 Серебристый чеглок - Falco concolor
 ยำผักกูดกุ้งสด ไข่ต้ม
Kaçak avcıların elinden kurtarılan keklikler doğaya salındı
◆ ◆ ◆
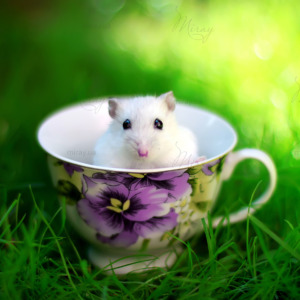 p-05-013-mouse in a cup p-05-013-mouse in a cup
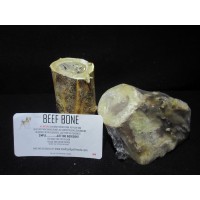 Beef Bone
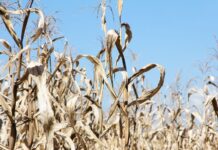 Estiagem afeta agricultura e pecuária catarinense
◆ ◆ ◆
• **Action item**: Within the material above, copy exactly the lines from the line that holds "ยำผักกูดกุ้งสด ไข่ต้ม" up to and including the line that holds "Kaçak avcıların elinden".

• **Your solution**:
 ยำผักกูดกุ้งสด ไข่ต้ม
Kaçak avcıların elinden kurtarılan keklikler doğaya salındı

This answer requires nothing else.